Dataset entries
_ _ _ _ _ _ _

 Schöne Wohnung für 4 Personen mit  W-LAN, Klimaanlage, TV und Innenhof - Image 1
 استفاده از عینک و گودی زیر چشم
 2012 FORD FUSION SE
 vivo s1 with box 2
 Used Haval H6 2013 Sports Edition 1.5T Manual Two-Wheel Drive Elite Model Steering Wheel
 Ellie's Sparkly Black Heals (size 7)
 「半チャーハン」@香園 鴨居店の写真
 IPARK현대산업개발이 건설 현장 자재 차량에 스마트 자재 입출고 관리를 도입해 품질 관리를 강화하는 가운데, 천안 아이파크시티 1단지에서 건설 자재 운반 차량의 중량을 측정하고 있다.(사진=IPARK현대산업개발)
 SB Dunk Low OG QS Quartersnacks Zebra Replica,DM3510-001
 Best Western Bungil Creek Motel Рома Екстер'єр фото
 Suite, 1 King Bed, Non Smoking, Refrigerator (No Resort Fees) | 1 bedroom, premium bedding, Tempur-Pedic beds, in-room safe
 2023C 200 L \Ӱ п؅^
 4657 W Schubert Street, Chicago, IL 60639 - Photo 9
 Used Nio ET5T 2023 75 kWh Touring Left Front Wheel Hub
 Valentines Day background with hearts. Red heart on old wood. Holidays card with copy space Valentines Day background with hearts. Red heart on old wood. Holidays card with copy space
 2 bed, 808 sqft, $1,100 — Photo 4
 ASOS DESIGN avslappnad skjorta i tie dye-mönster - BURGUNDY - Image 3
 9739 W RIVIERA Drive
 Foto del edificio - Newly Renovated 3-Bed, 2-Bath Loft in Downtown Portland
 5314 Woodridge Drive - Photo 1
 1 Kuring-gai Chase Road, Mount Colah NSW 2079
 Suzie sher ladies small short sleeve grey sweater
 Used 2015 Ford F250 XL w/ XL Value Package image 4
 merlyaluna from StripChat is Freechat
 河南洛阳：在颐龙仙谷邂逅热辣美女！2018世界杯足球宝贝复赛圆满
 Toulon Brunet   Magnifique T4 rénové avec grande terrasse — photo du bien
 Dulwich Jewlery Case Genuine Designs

_ _ _ _ _ _ _

### ABOUT THIS EXERCISE:
Please quote exactly the lines from the one containing "Used 2015 Ford" through the last line of the records above, both included, and nothing else.

### RESPONSE TO THIS TASK:
 Used 2015 Ford F250 XL w/ XL Value Package image 4
 merlyaluna from StripChat is Freechat
 河南洛阳：在颐龙仙谷邂逅热辣美女！2018世界杯足球宝贝复赛圆满
 Toulon Brunet   Magnifique T4 rénové avec grande terrasse — photo du bien
 Dulwich Jewlery Case Genuine Designs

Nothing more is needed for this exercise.